What’s the relationship between conference size and “success”?
Here’s the beginning of a blog post by Seth Godin with every occurrence of the word “organization” replaced by the word “conference” and the word “traditional” added to the first sentence.
As a [traditional] conference succeeds, it gets bigger.
As it gets bigger, the average amount of passion and initiative of the conference goes down (more people gets you closer to average, which is another word for mediocre).
More people requires more formal communication, simple instructions to ensure consistent execution. It gets more and more difficult to say, “use your best judgment” and be able to count on the outcome.
Larger still means more bureaucracy, more people who manage and push for conformity, as opposed to do something new.
Success brings with it the fear of blowing it. With more to lose, there’s more pressure not to lose it.
Mix all these things together and you discover that going forward, each decision pushes the conference toward do-ability, reliability, risk-proofing and safety.
—Seth Godin, Entropy, bureaucracy and the fight for great
I think it still works, don’t you?
Small is beautiful
Judging by their favorable evaluations, conferences that use the Conferences That Work format are highly successful. Yet they don’t grow significantly bigger, even though some of them have been held for years. Participants discover that effective intimate learning and connection that occurs requires a small event. The maximum number of attendees is capped. This ensures that the attractive conference environment isn’t lost by the consequences Seth describes.
I once spoke to a veteran of large medical conferences who bemoaned the time she had wasted attending such events. She told me that the talks were invariably on already-published work, with people presenting for status or tenure reasons. In addition, apart from the schwag and meeting a few old friends, she did not enjoy or find her attendance productive. She was looking forward to a much more rewarding experience from the small conference I was planning for her group.
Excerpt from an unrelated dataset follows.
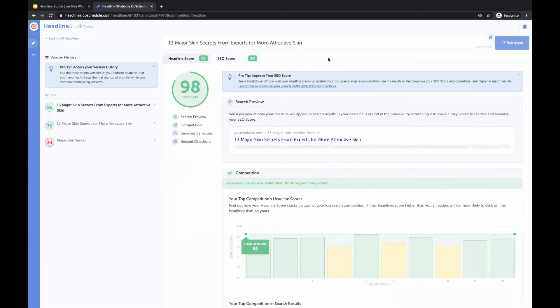On the SEO side too, you can see your SEO score for this headline. Whereas the headline score referred to how clickable, shareable, and engaging your headline is going to be for most people who will be reading it, your SEO score tells you how your headline is likely to perform in search engine results overall — for example, how it's likely to rank on Google.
Her comments are typical, in my experience. Unfortunately, people usually assume that the size of a conference is a metric of its “success”. From the point of view of organizers and presenters this is true: the bigger the conference, the more status you receive. But from the point of view of the customers of the conference—the attendees—after 40+ years of attending and organizing conferences it’s clear to me, both from my own experience and from that of hundreds of attendees I’ve spoken to, that, all other things being equal, smaller well-designed conferences beat the pants off huge events in terms of usefulness and relevance.
What do you think? What redeeming factors make larger conferences better? Are these factors more important than the learning and connection successes that smaller conferences provide?